Calculus and reasoning: If a^2+b^2+c^2+abc=4, show that

[jjm5119]

Using calculus and reasoning prove how, step by step, the following is true.

a, b, and c are >= 0

If a^2 + b^2 + c^2 +abc = 4 show that ab + bc + ac - abc <= 2

This is a calc 3 problem, vectors and planes in spaces, so i'm thinking i have to find the plane for the first equation and then show relationships to the other inequality. Basically, I'm pretty much lost and have no clue where to start. Any help is appreciated.

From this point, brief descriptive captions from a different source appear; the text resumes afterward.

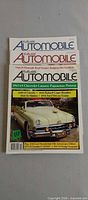 Front covers of three Collectible Automobile magazines stacked
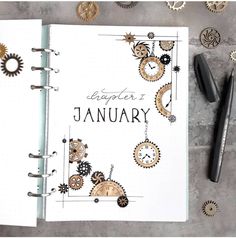 an open planner with gears on it next to some pens and other items that are scattered around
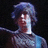 Pixelated image of a person with blue hair and light clothing against dark background, accompanied by red pixelated text blocks.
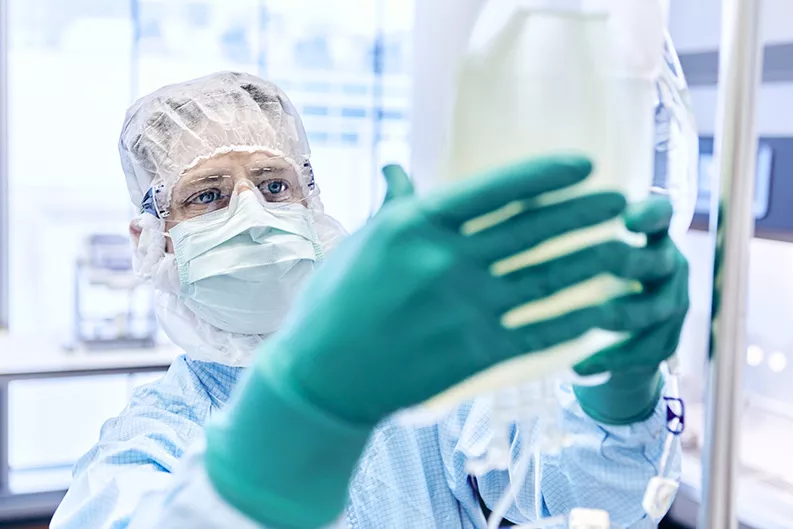 Un technicien en tenue de protection manipule une poche de liquide en laboratoire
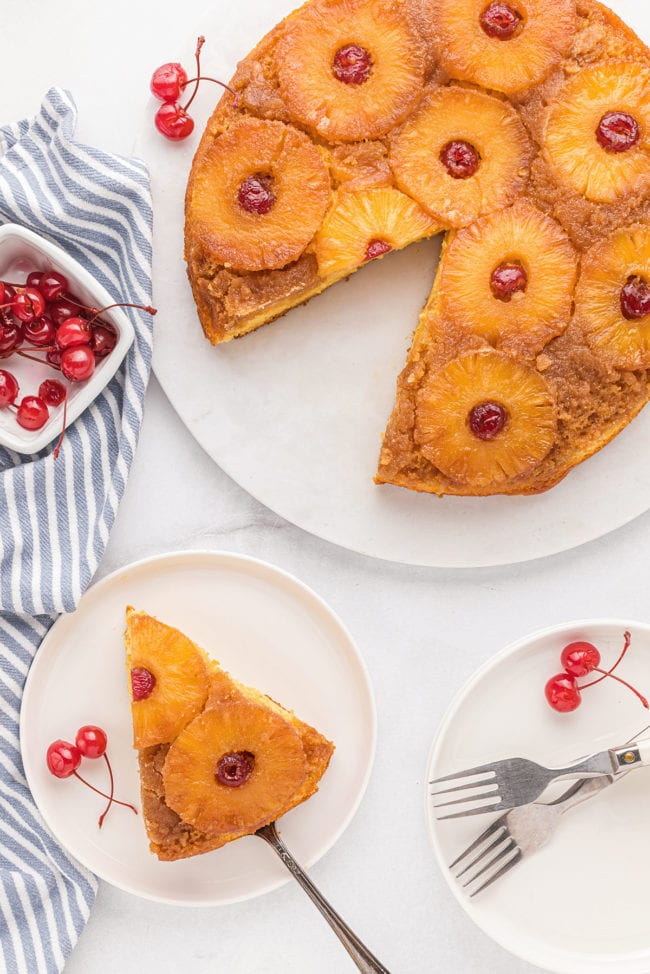 Pineapple Upside Down Cake with a piece cut and on a plate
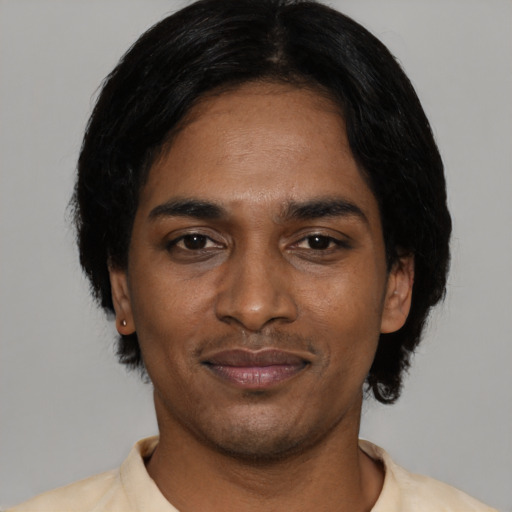 Joyful black young-adult male with short  black hair and brown eyes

Thanks.

 

[pka]

As you can see, the problem as stated is false.
\(\displaystyle \L \begin{array}{l}
a = \sqrt 2 \,,\,b = 1\,\& \,c = 1 \\
a^2 + b^2 + c^2 = 4 \\
ab + bc + ac - abc = \sqrt 2 + 1 > 2 \\
\end{array}\)

 

[jjm5119]

Made a mistake, first equation is suppose to be a^2 + b^2 + c^2 +abc = 4

 

[Deleted member 4993]

Duplicate post

http://mathgoodies.com/forums/topic.asp?TOPIC_ID=33044

 

[jjm5119]

am i not allowed to do that to try and get more answers?

 

[Deleted member 4993]

This is just to warn the tutors of existence of the other post - so that they do not duplicate their effort.